JessieW0806 commented 1 year ago

log2.txt I have tested the experiment without dbsampler yesterday, it seems to have the same error.

Abyssaledge commented 1 year ago

Send me an email and I will offer you the trained checkpoint. You could use it for inference to see if the results match.

Abyssaledge commented 1 year ago

I have sent it to you.

JessieW0806 commented 1 year ago

res.txt The output results seem to be fine.... Why is the training of the FSD network from scratch not correct? Could you please help me with it?

Abyssaledge commented 1 year ago

It's hard to say what is going wrong. You could list the detailed procedure you followed, including gata generation, the code you use, and modifications you made if any. I will try to help.
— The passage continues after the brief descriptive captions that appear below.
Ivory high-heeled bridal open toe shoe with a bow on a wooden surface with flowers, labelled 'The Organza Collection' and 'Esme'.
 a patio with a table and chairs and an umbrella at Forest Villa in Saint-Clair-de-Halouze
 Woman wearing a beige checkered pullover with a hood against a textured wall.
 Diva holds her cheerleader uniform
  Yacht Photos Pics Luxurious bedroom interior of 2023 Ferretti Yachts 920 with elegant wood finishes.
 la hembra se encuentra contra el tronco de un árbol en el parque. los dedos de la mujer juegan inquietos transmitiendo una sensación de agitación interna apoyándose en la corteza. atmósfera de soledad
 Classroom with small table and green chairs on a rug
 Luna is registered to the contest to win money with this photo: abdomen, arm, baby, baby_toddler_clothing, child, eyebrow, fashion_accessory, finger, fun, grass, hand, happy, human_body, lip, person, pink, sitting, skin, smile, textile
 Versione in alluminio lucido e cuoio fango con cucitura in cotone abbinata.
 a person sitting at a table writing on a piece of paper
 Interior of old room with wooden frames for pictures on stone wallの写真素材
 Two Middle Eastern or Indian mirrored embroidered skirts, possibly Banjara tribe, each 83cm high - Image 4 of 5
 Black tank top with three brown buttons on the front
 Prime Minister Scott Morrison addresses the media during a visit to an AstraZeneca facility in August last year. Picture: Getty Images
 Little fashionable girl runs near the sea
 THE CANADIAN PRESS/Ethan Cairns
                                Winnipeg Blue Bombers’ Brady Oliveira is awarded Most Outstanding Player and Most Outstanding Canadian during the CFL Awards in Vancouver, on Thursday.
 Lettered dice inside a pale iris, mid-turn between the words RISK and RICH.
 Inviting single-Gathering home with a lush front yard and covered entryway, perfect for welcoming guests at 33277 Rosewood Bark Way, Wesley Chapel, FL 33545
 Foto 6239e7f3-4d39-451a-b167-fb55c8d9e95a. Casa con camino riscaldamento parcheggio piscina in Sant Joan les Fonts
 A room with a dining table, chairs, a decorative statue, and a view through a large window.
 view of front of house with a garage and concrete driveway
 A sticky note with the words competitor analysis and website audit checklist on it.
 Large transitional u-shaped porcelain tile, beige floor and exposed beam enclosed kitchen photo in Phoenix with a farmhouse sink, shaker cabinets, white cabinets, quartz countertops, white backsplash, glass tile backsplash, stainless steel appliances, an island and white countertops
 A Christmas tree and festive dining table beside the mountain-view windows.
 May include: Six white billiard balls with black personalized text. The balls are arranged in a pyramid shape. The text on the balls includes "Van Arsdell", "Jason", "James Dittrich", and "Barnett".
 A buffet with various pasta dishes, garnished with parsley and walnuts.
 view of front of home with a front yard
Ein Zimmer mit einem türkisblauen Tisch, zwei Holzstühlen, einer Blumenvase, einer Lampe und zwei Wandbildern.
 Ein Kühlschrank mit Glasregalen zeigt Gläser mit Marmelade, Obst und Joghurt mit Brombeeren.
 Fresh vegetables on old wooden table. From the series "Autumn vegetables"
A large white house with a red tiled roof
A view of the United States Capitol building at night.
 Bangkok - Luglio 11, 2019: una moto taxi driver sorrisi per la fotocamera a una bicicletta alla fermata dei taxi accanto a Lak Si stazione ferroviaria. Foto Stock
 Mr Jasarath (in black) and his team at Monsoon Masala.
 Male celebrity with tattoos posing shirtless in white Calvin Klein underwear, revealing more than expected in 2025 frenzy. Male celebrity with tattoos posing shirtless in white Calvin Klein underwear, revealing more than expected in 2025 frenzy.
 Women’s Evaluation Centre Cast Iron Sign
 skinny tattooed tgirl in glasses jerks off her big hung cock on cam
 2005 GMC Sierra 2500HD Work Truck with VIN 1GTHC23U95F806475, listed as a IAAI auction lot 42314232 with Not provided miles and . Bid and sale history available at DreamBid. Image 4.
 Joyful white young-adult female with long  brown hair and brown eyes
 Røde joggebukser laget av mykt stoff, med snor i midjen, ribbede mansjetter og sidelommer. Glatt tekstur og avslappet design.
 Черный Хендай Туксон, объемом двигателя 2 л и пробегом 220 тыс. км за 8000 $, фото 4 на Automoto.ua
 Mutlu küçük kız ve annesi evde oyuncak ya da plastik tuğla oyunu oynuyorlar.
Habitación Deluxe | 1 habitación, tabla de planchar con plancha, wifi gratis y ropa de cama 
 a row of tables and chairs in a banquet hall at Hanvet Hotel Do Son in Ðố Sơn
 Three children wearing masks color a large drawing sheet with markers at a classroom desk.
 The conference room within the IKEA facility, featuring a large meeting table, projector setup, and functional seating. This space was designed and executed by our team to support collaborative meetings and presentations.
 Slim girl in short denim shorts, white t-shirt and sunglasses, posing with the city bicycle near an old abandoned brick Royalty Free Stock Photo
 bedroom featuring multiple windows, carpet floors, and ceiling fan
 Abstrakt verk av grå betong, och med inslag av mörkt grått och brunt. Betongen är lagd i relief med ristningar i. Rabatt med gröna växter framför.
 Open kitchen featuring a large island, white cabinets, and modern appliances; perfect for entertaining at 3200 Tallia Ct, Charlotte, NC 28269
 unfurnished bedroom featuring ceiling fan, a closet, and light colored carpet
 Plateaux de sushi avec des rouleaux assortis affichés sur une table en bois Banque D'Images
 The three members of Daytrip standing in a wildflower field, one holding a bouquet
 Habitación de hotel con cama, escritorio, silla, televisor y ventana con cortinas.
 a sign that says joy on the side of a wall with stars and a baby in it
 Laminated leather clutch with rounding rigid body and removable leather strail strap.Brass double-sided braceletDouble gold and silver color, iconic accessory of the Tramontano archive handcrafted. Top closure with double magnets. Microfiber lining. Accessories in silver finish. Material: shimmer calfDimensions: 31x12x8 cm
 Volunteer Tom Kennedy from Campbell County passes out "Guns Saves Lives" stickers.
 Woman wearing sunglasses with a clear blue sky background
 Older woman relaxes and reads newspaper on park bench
JessieW0806 commented 1 year ago

Thanks for your reply! I re-install the environment, and the training process seems to be ok, but I still get some questions to ask for your opinion. 1) when I use the original config, the whole waymo dataset will be used. The training time is 4 days which is much slower than your log. I use the same setting as you provided with 8 A100 gpus and trained on a cluster srun -p ai4science --async --job-name=FSD_s --gres=gpu:8 --ntasks=8 --ntasks-per-node=8 --cpus-per-task=8 --kill-on-bad-exit=1 bash run2.sh What do you guess is the reason for the difference in training time?

2) If I want to increase samples_per_gpu to 8 (for example), what else do I need to change to get the best performance?

3) I want to use part of the data set for experiments in the future (one-fifth), so it is OK？

Abyssaledge commented 1 year ago

Sorry for late reply. How is it going now?

I don't know, it's hard to say. Check the IO or timing to find the bottleneck.
Increase learning rate and increase the num in IoUNegPiecewiseSampler along with batch size.
If you realize this by setting the load_interval, it will be fine.